The discussion surrounding Bitcoin’s function as a payment method versus its role as a store of value continues. With prices consistently exceeding $100k and increasing pressure from ETF issuers and Bitcoin treasury firms, as well as the inevitable institutionalization of the market, the notion of using Bitcoin for minor transactions feels increasingly antiquated.
But is Jack Dorsey correct in claiming that Bitcoin loses its purpose if it remains solely a store of value and isn’t utilized for payments?
Bitcoin as a Payment Method
Initially, Bitcoin was designed as a payment tool, serving as a genuine form of electronic cash for private, peer-to-peer exchanges, while its status as a store of value developed later as an ancillary advantage. As BitVM creator Robin Linus notes:
“Bitcoin’s purpose is payments—store of value is just a neat byproduct.”
Over the years, the narrative around Bitcoin has shifted significantly towards its “digital gold” image and institutional investment. Influential figures like Dorsey and Linus argue that this shift neglects the project’s initial spirit and diminishes its long-term importance. Linus emphasized the historical context by stating:
“The cypherpunk vision was clearly electronic cash for private, peer-to-peer payments. The ‘digital asset’ narrative came later from others. Strange that this is even controversial.”
Dorsey reaffirmed his stance, stating:
“I think it has to be payments for it to be relevant on the everyday; otherwise, it’s just something you kind of buy and forget and only use in emergency situations or when you want to get liquid again. So I think if it doesn’t transition to payments and find that everyday use case, it just gets increasingly irrelevant. And that’s failure to me.”
Satoshi’s Intent is Clear
Satoshi Nakamoto’s earliest communications, including emails and the well-known Bitcoin whitepaper, clearly indicate that Bitcoin is aimed at functioning as e-cash, currency, or money focused on payments. His intentions regarding Bitcoin as a payment method are explicit.

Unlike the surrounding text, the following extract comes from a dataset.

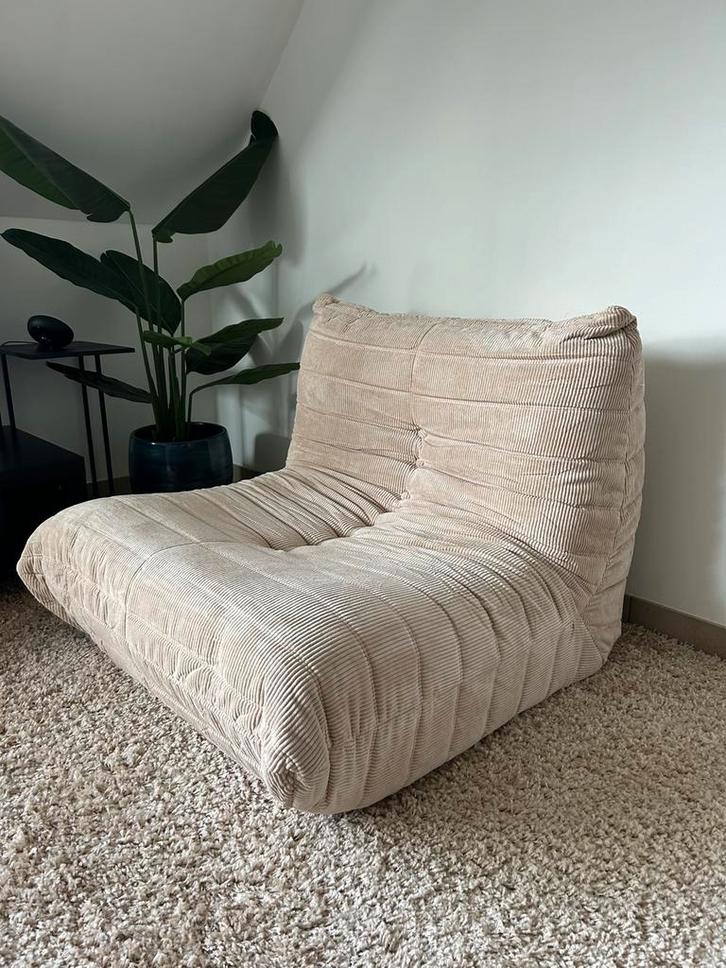 Eenzit lounge zetel - beige corduroy stof, Huis en Inrichting, Zetels | Zetels en Chaises Longues, Nieuw, Stof, Ophalen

In early emails with Adam Back in 2008, Satoshi referred to Bitcoin as a revolutionary method for establishing peer-to-peer electronic currency, highlighting previous digital cash efforts while concentrating on payments.
He articulated proof-of-work as a mechanism to facilitate currency on a distributed timestamp server, emphasizing payment intent distinctly.

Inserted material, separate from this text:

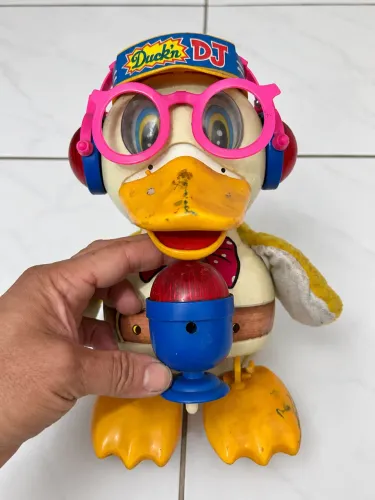Pato Duck?n Dj antigo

Shifting Narratives: From Currency to Asset
Over time, the narrative has evolved. The advent of institutionalization through ETFs, marketing focused on “Number Go Up” (NGU), and discussions regarding Bitcoin as a portfolio hedge have emerged.

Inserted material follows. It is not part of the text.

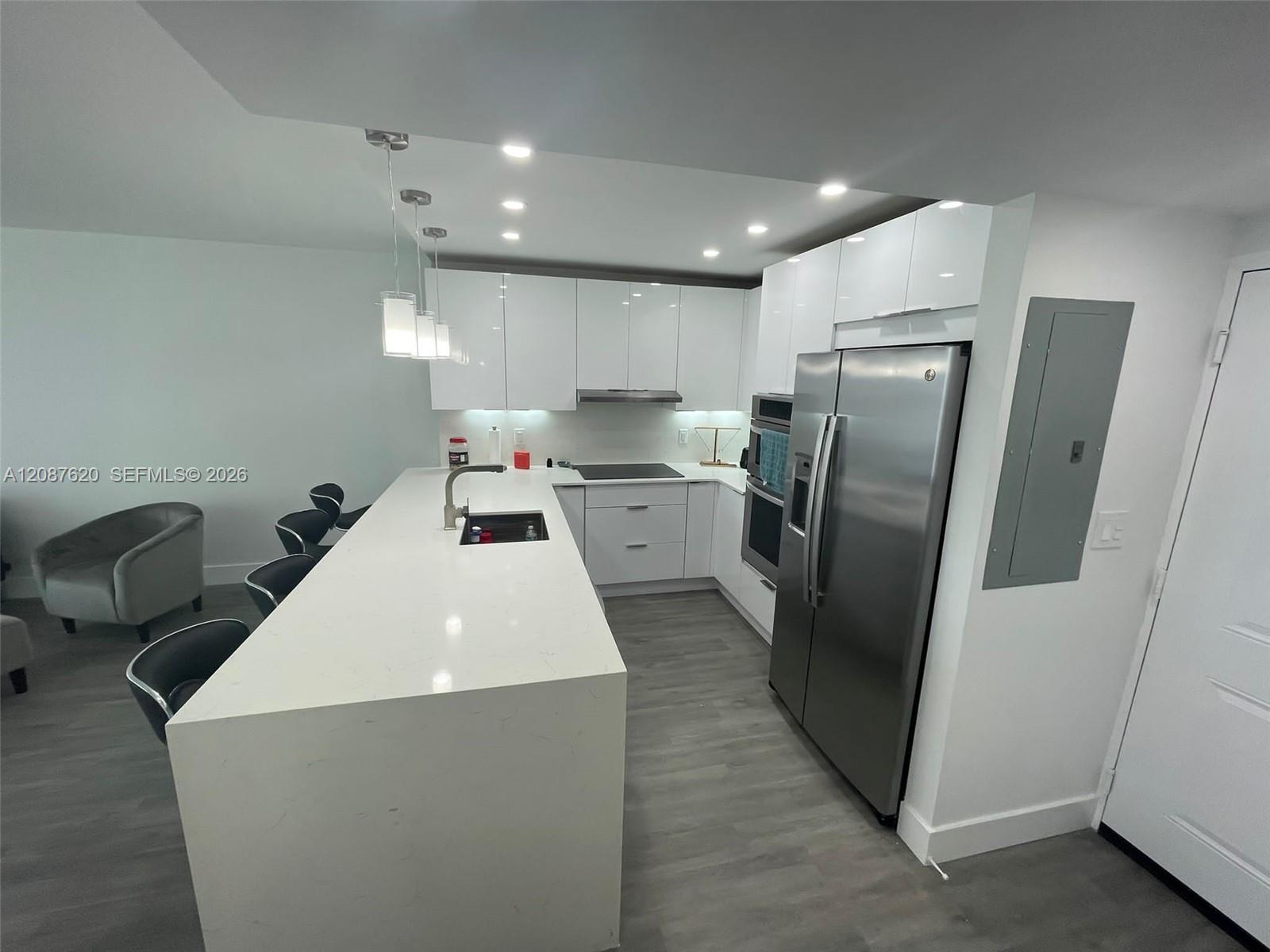 100 Bayview Dr # 1123 — Photo 2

While these developments have contributed to liquidity and wider acceptance, they have arguably distanced the ecosystem from solutions that serve everyday individuals and practical payment scenarios—moving away from Satoshi’s original vision.
Despite Bitcoin’s notable ascent as a store of value, this has overshadowed its fundamental basis in private, peer-to-peer, digital payments.
Key advocates for the project—Dorsey, Linus, Swan, and even Satoshi—remind the community that true, universal utility hinges on recognizing Bitcoin as an active form of money, not merely a stored asset.
Bitcoin Audible host Guy Swann called for a meaningful public discussion, tagging influential Bitcoin community members like Dorsey, Linus, Michael Saylor, Saifedean Ammous, and Adam Back:
“I want the best here who will bring real arguments. Not just taglines, moral posturing, and quotes from the whitepaper.”
Reducing Bitcoin to just a store of value risks losing the original vision and practicality that once set it apart. The future of Bitcoin as a payment method relies on a community willing to challenge dominant narratives and refocus on payments and real-world usage.